* **GOAL OF THE EXERCISE**
Below is a listing to repeat exactly, with its pictures left out.

--- START ---

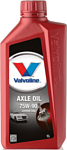 Valvoline Axle Oil 75W-90 LS 1л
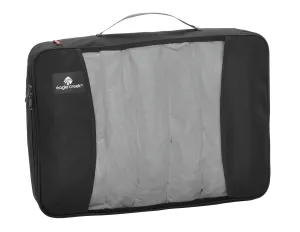 Eagle Creek Original Pack It Double Cube Bags Eagle-Creek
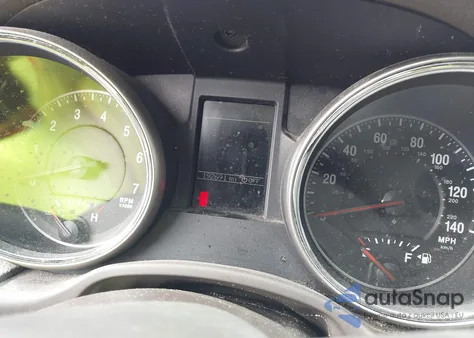 2012 Jeep Grand Cherokee Laredo from USA, damaged, VIN 1C4RJEAG9CC360240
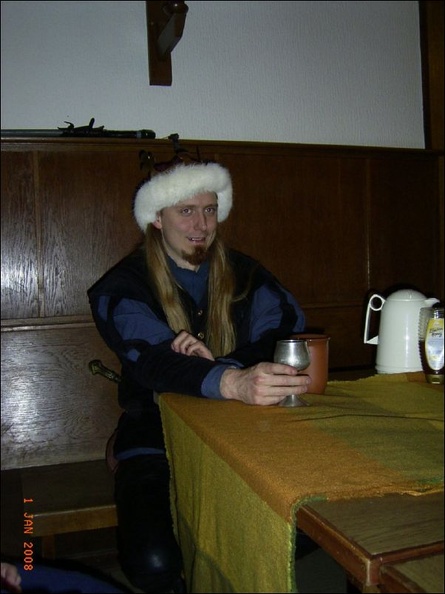 wintertreyben2007 142.jpg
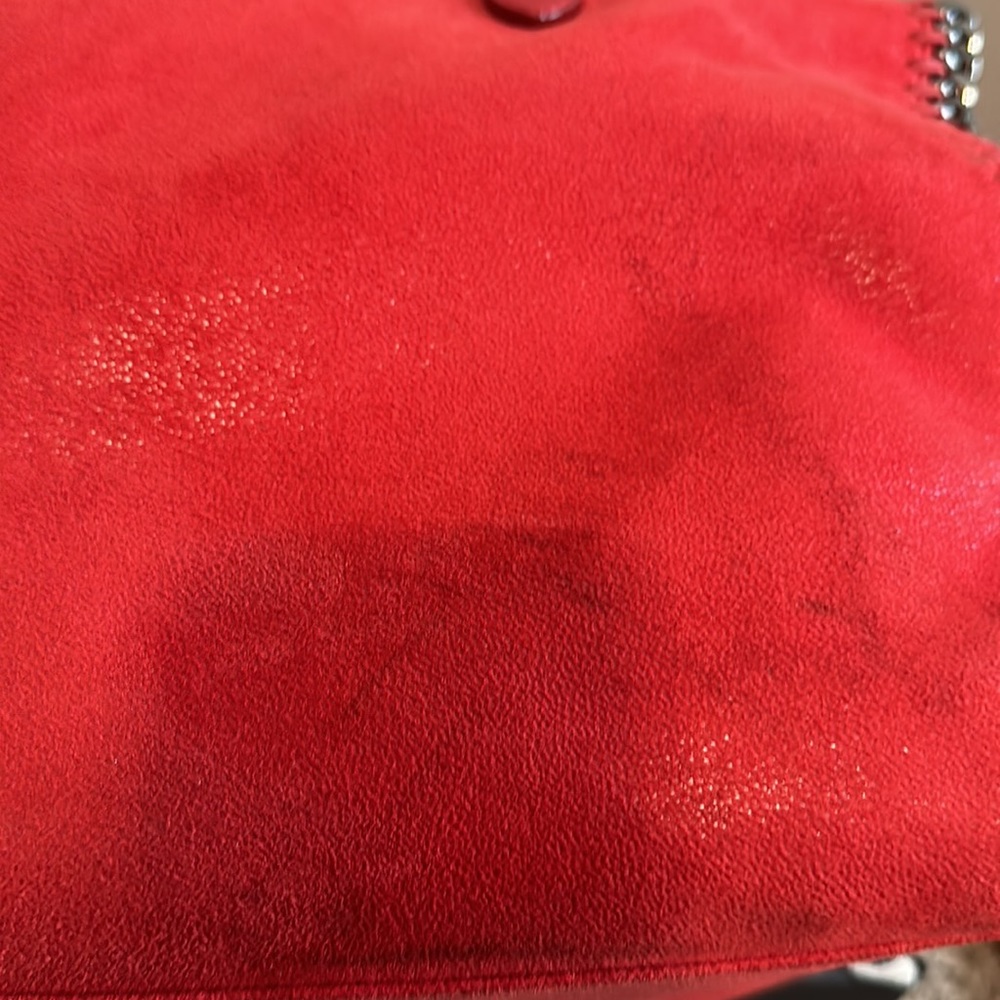Handbag - Picture 6 of 16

--- END ---

* **RESULT FOR THIS EXERCISE**
 Valvoline Axle Oil 75W-90 LS 1л
 Eagle Creek Original Pack It Double Cube Bags Eagle-Creek
 2012 Jeep Grand Cherokee Laredo from USA, damaged, VIN 1C4RJEAG9CC360240
 wintertreyben2007 142.jpg
Handbag - Picture 6 of 16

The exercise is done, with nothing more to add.